**Exercise details**
Reply with every entry, repeated exactly as given.

:: Data for the task ::

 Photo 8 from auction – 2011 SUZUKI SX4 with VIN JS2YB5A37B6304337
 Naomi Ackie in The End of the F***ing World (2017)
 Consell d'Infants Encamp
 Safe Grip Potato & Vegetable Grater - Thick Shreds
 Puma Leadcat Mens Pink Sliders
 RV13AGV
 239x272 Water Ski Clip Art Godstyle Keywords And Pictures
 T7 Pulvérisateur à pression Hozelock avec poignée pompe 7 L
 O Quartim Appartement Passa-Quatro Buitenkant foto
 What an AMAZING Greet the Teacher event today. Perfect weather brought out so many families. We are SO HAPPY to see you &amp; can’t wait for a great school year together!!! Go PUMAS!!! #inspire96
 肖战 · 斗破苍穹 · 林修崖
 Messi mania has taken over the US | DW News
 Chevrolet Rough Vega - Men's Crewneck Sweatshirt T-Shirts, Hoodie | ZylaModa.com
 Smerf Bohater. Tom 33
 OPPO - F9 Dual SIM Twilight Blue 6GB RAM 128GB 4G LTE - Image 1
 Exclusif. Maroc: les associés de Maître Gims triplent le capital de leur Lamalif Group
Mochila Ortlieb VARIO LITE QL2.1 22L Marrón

:::

**Solution to the problem**
 Photo 8 from auction – 2011 SUZUKI SX4 with VIN JS2YB5A37B6304337
 Naomi Ackie in The End of the F***ing World (2017)
 Consell d'Infants Encamp
 Safe Grip Potato & Vegetable Grater - Thick Shreds
 Puma Leadcat Mens Pink Sliders
 RV13AGV
 239x272 Water Ski Clip Art Godstyle Keywords And Pictures
 T7 Pulvérisateur à pression Hozelock avec poignée pompe 7 L
 O Quartim Appartement Passa-Quatro Buitenkant foto
 What an AMAZING Greet the Teacher event today. Perfect weather brought out so many families. We are SO HAPPY to see you &amp; can’t wait for a great school year together!!! Go PUMAS!!! #inspire96
 肖战 · 斗破苍穹 · 林修崖
 Messi mania has taken over the US | DW News
 Chevrolet Rough Vega - Men's Crewneck Sweatshirt T-Shirts, Hoodie | ZylaModa.com
 Smerf Bohater. Tom 33
 OPPO - F9 Dual SIM Twilight Blue 6GB RAM 128GB 4G LTE - Image 1
 Exclusif. Maroc: les associés de Maître Gims triplent le capital de leur Lamalif Group
Mochila Ortlieb VARIO LITE QL2.1 22L Marrón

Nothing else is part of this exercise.